» **INFORMATION PROVIDED**:
###

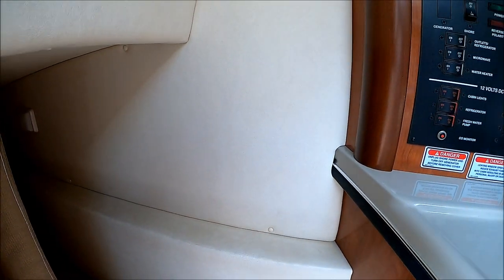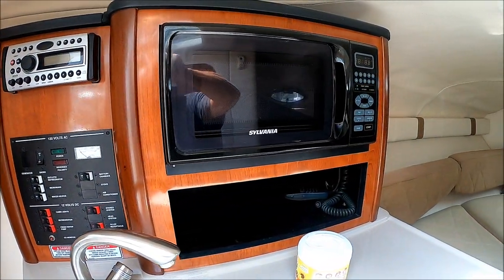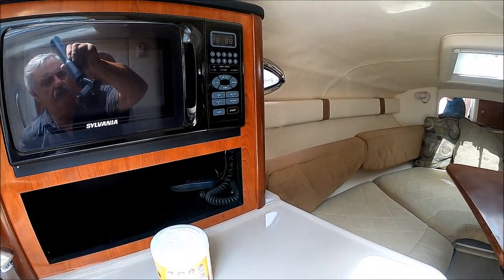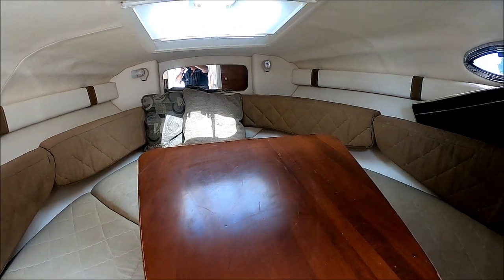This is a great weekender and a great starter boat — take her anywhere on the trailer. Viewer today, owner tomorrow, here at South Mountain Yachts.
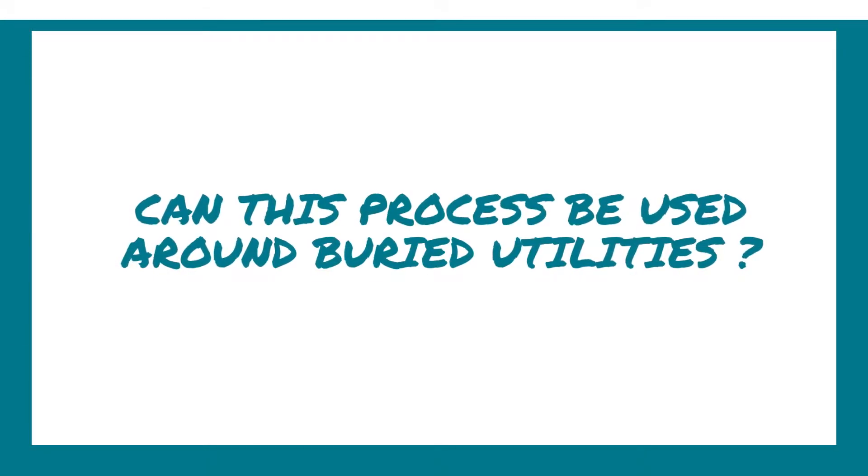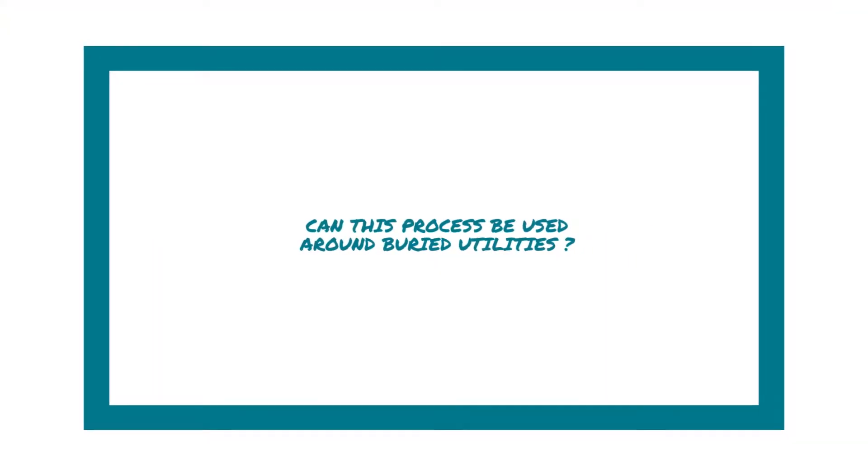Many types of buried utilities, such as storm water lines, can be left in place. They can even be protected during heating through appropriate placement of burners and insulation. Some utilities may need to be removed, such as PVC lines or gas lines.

###

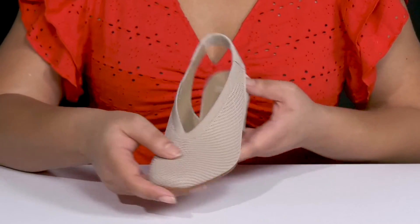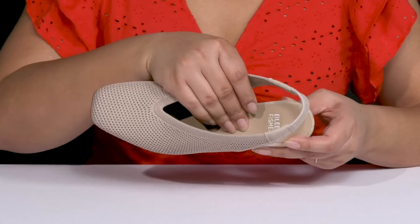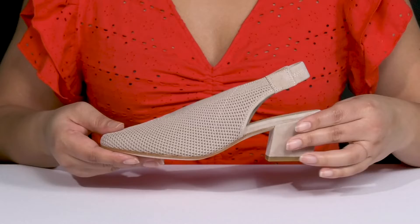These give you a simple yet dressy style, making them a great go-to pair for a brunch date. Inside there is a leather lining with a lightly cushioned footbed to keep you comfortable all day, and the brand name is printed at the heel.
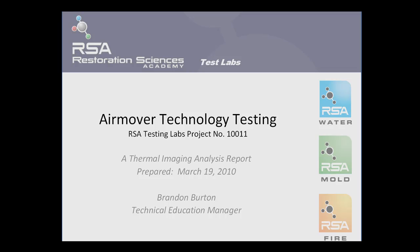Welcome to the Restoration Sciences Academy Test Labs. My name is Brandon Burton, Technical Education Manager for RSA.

###

» **ACTION ITEM**: Would you restate, exactly and with no pictures, the lines of the entries above from the one containing "This is a great" through the one containing "Many types of"?

» **EXPECTED ANSWER**:
This is a great weekender and a great starter boat — take her anywhere on the trailer. Viewer today, owner tomorrow, here at South Mountain Yachts.
Many types of buried utilities, such as storm water lines, can be left in place. They can even be protected during heating through appropriate placement of burners and insulation. Some utilities may need to be removed, such as PVC lines or gas lines.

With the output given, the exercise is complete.